Ma anche questo paragone è improprio, perché alla struttura funzionale di queste macchine comunicanti si aggiunge e integra quella meno controllabile e fondamentalmente caotica non solo e non tanto del cittadino, che—regolato da leggi etiche e comportamentali di base precise e condivise anche se non scritte—è tutto sommato a sua volta uno di questi sistemi pressoché perfetti, quanto del turista che, a dispetto di quello che dovrebbe essere il suo ruolo—ospite interessato a conoscere una nuova cultura—quasi sempre con molta difficoltà si adegua a sistemi di segni e regole diversi da quelli a cui è avvezzo, generando un'entropia che solo un organismo socio-urbanistico abituato a gestire in ogni istante una quantità enorme di variabili, quale è appunto Tokyo, sarebbe capace di tenera a bada in modo da evitare il collasso.

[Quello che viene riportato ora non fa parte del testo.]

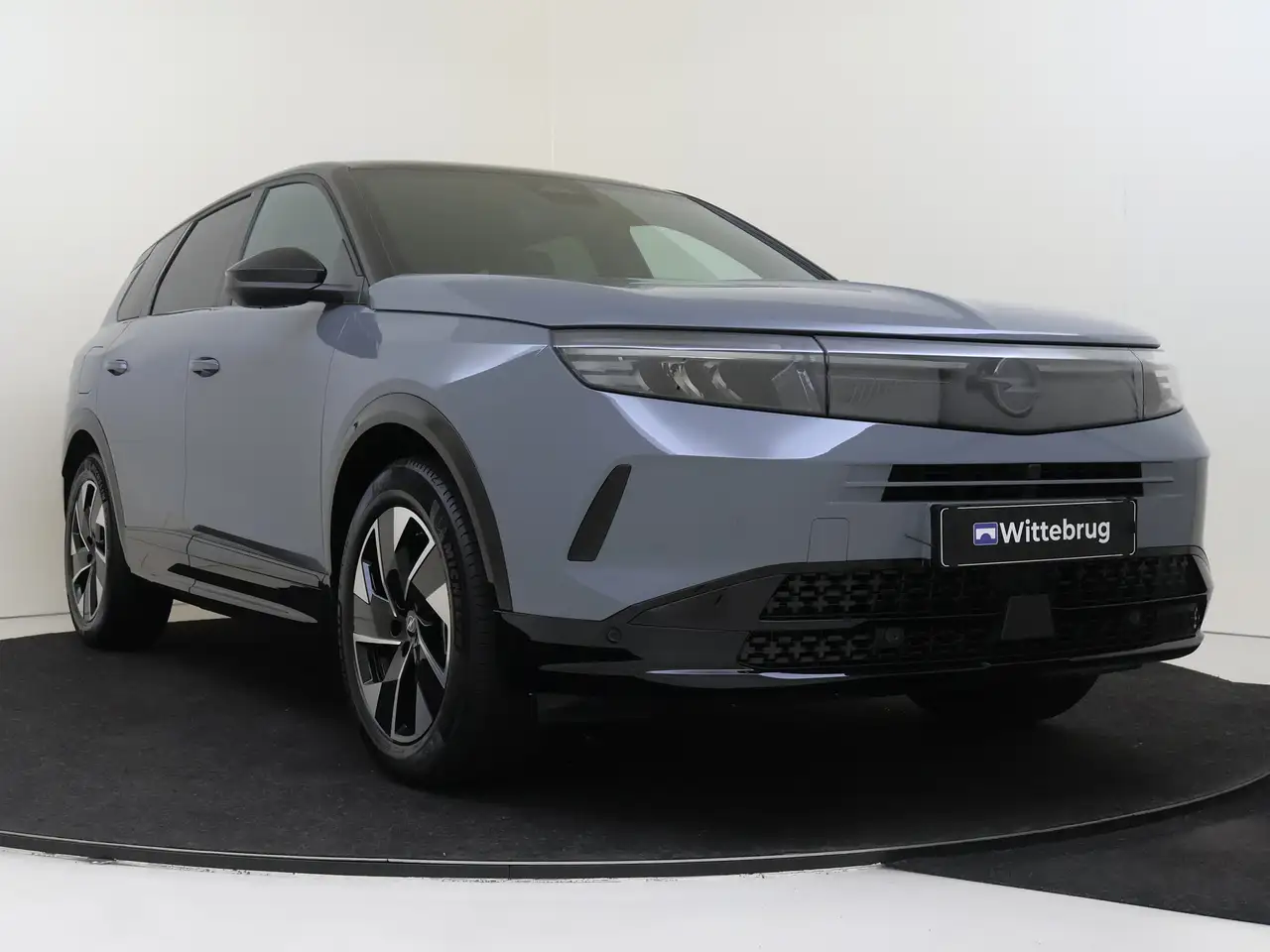 Opel Grandland 2026
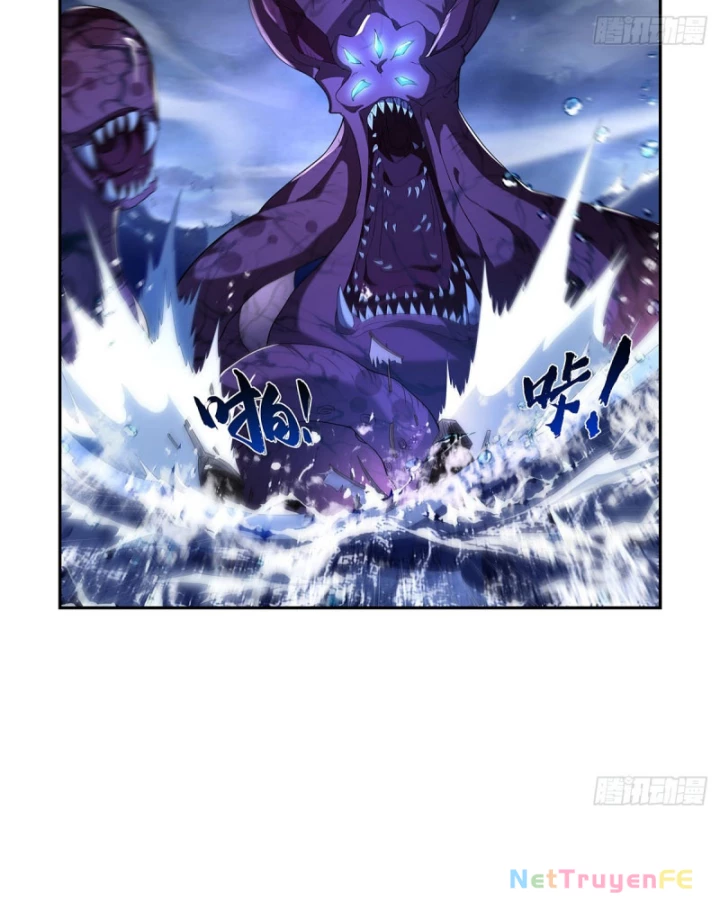 Ma Vương Thất Nghiệp Chapter 414 - Trang 2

Tokyo sembra anzi sopravvivere proprio grazie a questo equilibrio instabile e perciò flessibile, a questa fluidità che pare essere parte costituente della sua cultura e senza la quale tutto si fermerebbe, crollando sotto al peso della sua stessa complessità.
Forse è tutto sommato più sensato non usare alcuna metafora, e limitarsi piuttosto a constatare che la città è fatta di esseri umani che si comportano non come tutti gli esseri umani ma come una determinata specie, adusa ai forti contrasti tanto da riuscire sempre ad evitare che diventino irrisolvibili contraddizioni.